Face A

Language is easy but talking is not

mercredi 8 octobre 2014

Quitte à me répéter, quitte à mettre à nu ma navrante posture, je veux juste essayer d’exprimer au mieux tout ce qui bout en moi. Sans jugements ni leçons de morale. 

 

Voilà donc l’histoire, usée jusqu’à la corde, affligeante.

Il est dix-sept heures. Le vent souffle et la lumière sans cesse changeante me pousse à me lever toutes les dix minutes pour tirer mon rideau dans un sens puis dans l’autre.
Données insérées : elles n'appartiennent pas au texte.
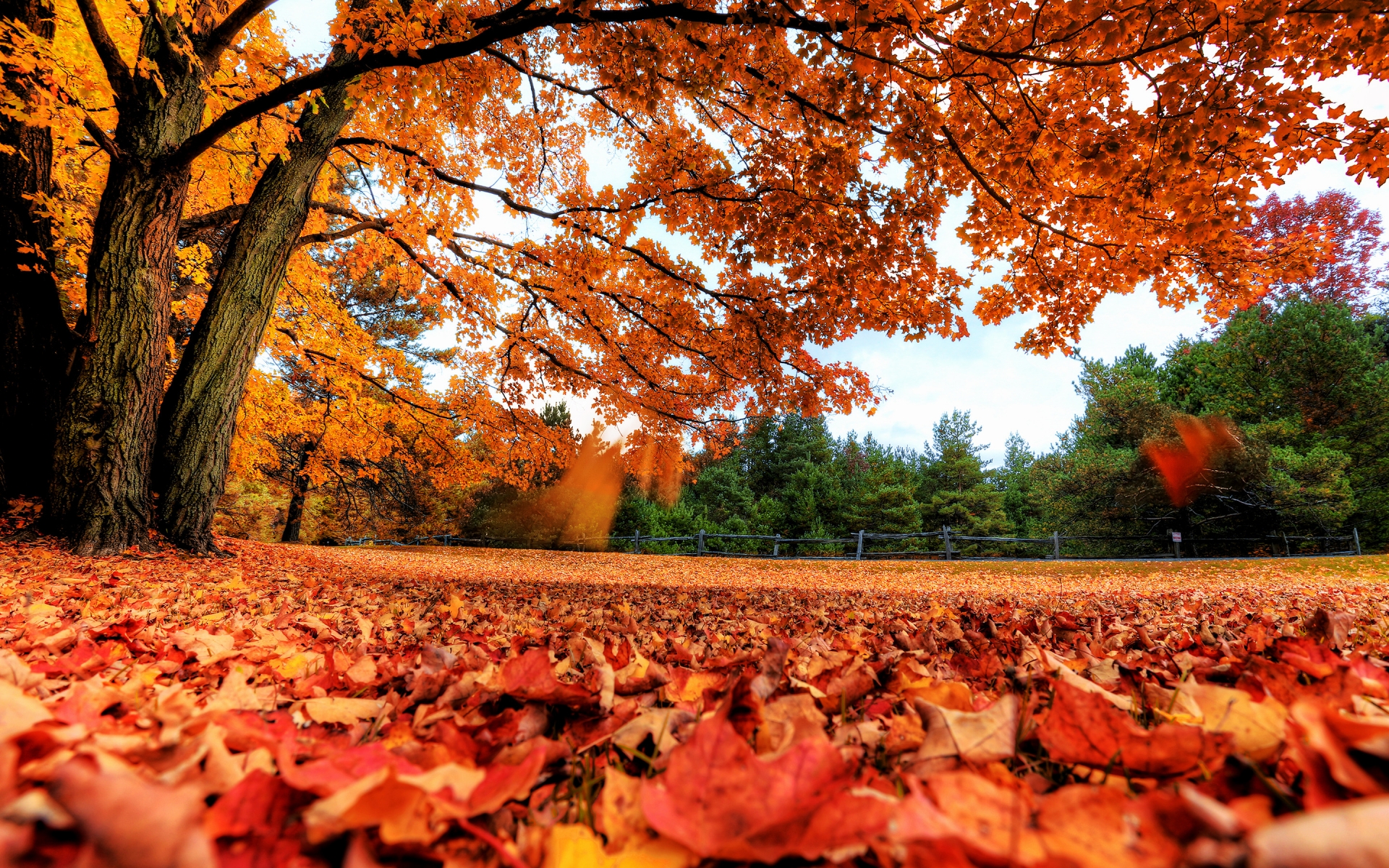 Autumn Maple Tree for 1920 x 1200 widescreen resolution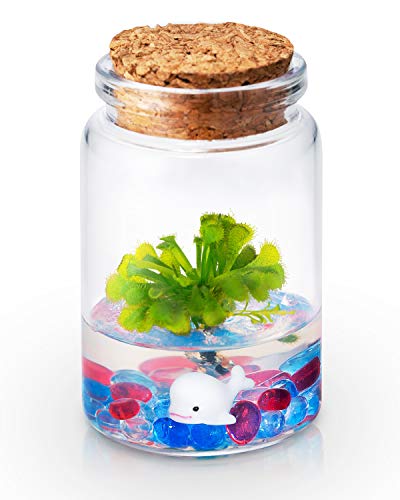Sundew Terrarium - 100% Self Sustaining Drosera spatulata in Maintenance Free Glass Jar with Unique Terra Gel, Fast and Healthy Plant Growth for Kids and Adults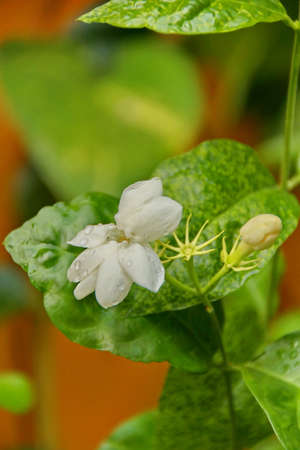 Jasmine flowers blossoming on bush in sunny day. Beautiful white jasmine flowers on the bush in the...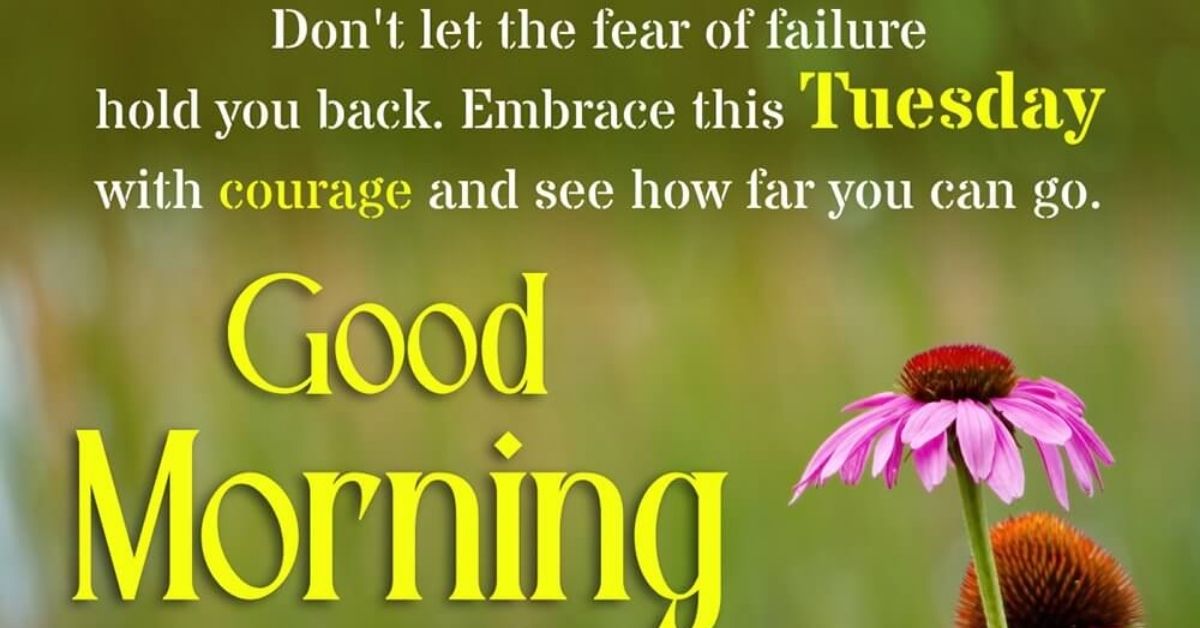 Positive Tuesday Blessings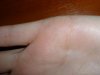 P1170287+.jpg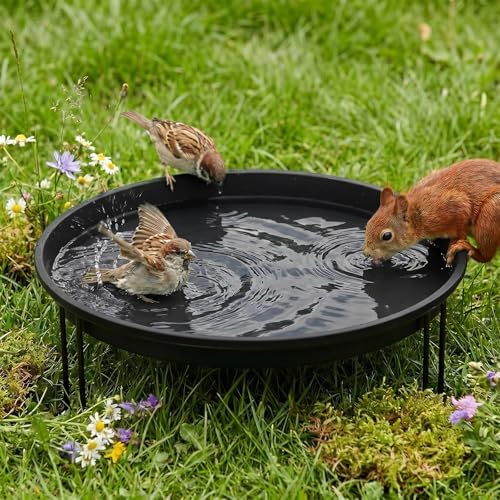 14.37'' Ground Bird Bath for Outside Large Bird Bath, Black by Unknown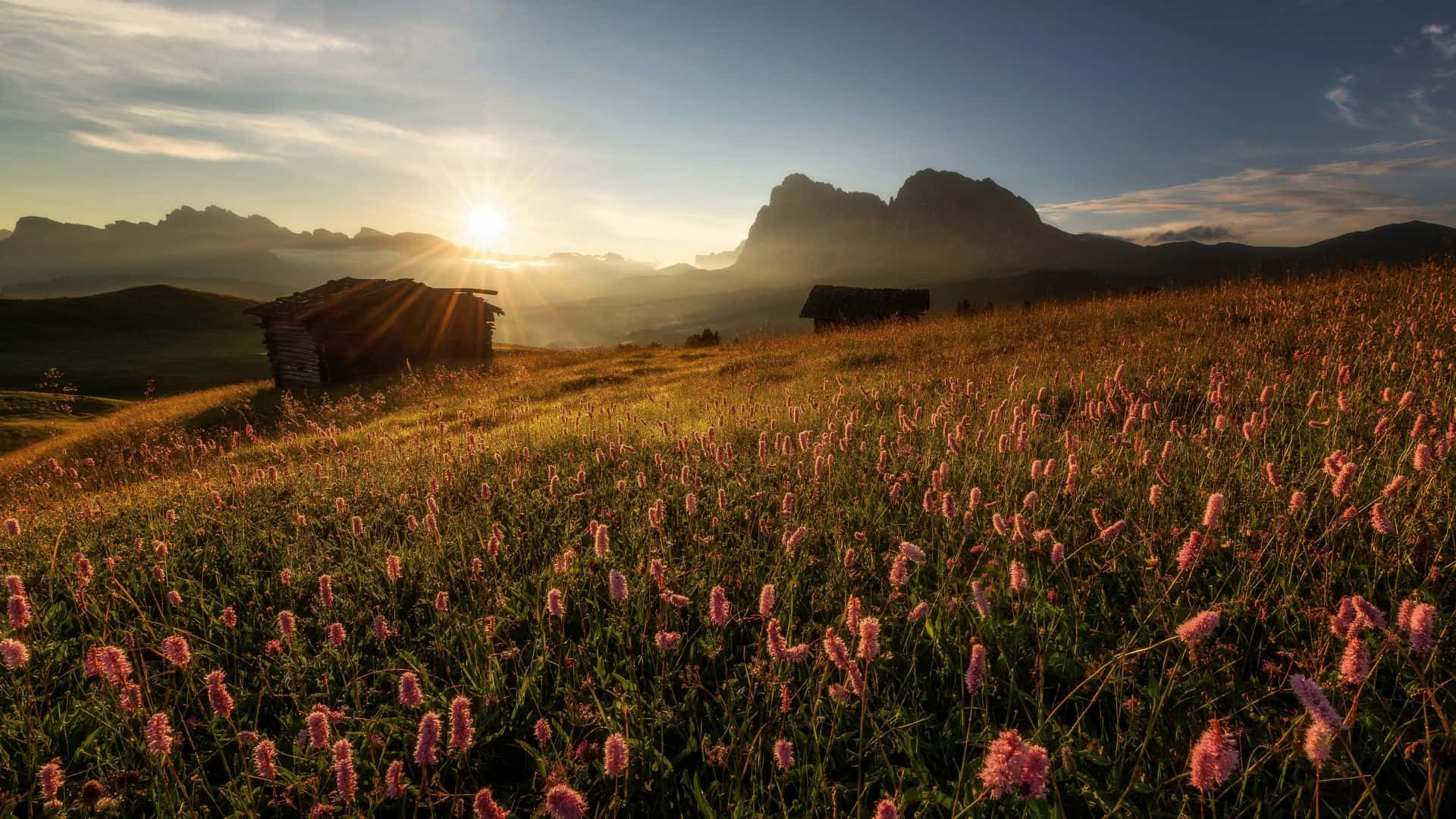 Meadow 桌布 壁紙 — 夕陽灑落在一片粉紅花朵和質樸小屋的田野上，背景是雄偉的山脈。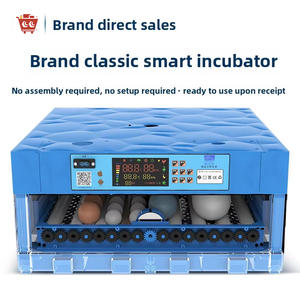 Warme Kubus Volautomatische Intelligente Kleine Incubator Hoog Plastic Voor Kippeneend Ganzenduif Ei Incubatie Huishoudelijk Gebruik - Product Image 6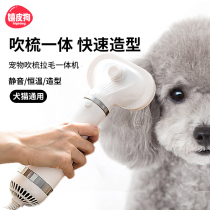 Pet hair dryer blow drying hair all in one machine dog dog blowing artifact bath cat low noise drying teddy exclusive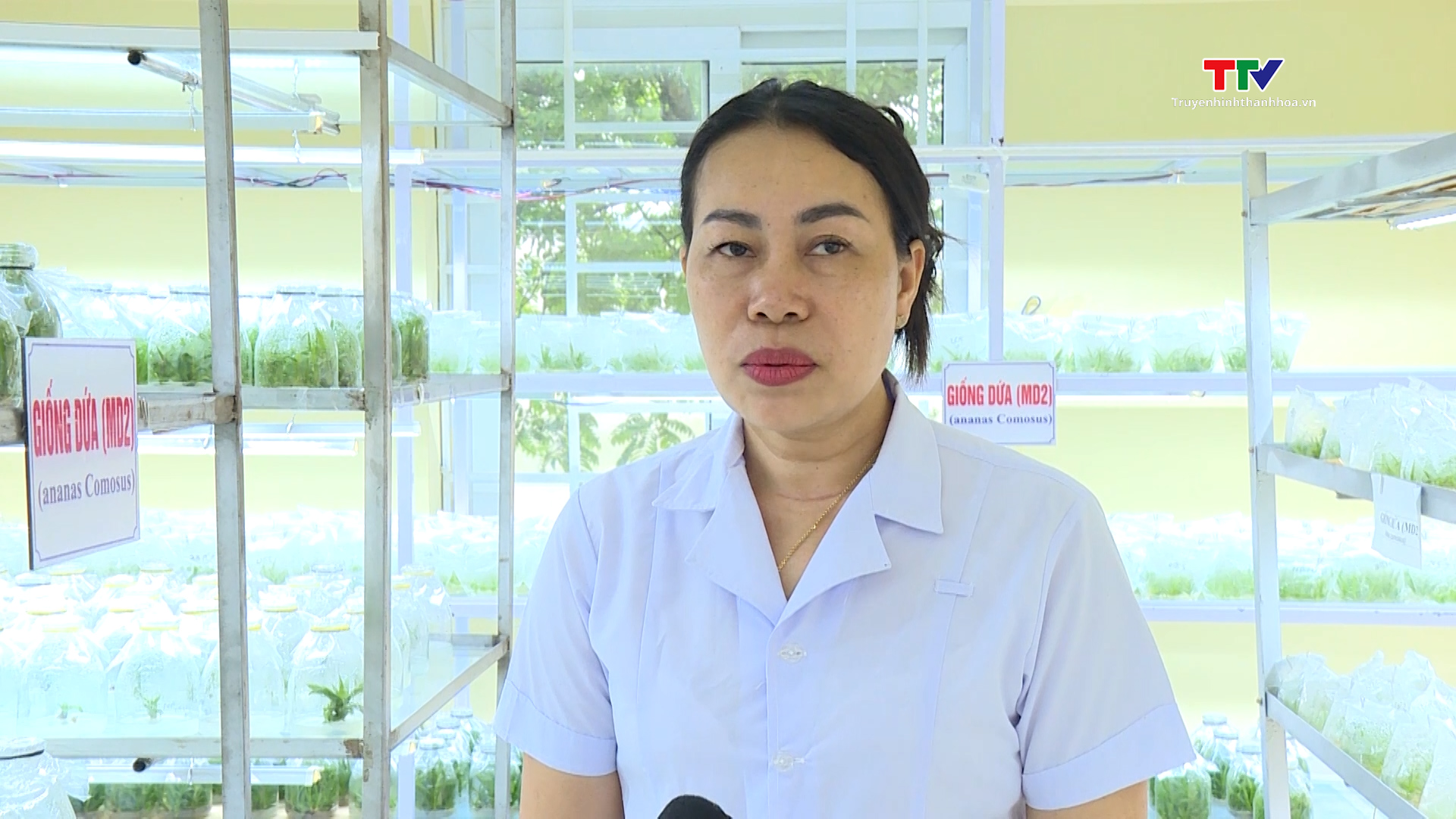 Ứng dụng công nghệ nuôi cấy mô sản xuất giống cây - Ảnh 2. Ứng dụng công nghệ nuôi cấy mô sản xuất giống cây - Ảnh 2.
Je ne sais combien de fois par jour ma souris suit ce chemin dans les menus de mon navigateur, c’est devenu automatique. Le petit carré rouge qui signale qu’il n’est pas en ligne me rassure et m’agace à la fois. Si je brûle de le voir, simplement de le voir, je ne supporte pas de le savoir en ligne avec d’autres. Je l’ai vu hier appâter le client avec son numéro parfaitement rôdé. Exactement le même qu’avec moi - mon Dieu que cet homme est affolant. Affolant, oui - combien de fois lui ai-je dit qu’il me faisait perdre la raison ? Et hier, de voir ce jeu adressé à d’autres me faisait rager. Voilà ce qui m’use le plus : moi et mon insondable bêtise. De croire que je pourrais avoir la moindre exclusivité. Il le sait d’ailleurs, et me fait croire que oui, avant-hier soir il n’est venu en ligne que pour moi.

Ses premiers messages sur Skype ne devraient pas tarder à s’afficher maintenant que la journée touche à sa fin. Comme tous les jours. Des mots gentils, des cœurs, des bisous, et puis souvent, tonight u and me cum love. Traduction : ce soir, toi tu vas payer pour me voir.

Et moi tantôt de résister et de lui opposer un non ferme. Et tantôt de ramper ventre à terre vers lui. Il me tient par les couilles et je lui tiens des discours de vieux transi d’amour et d’adoration.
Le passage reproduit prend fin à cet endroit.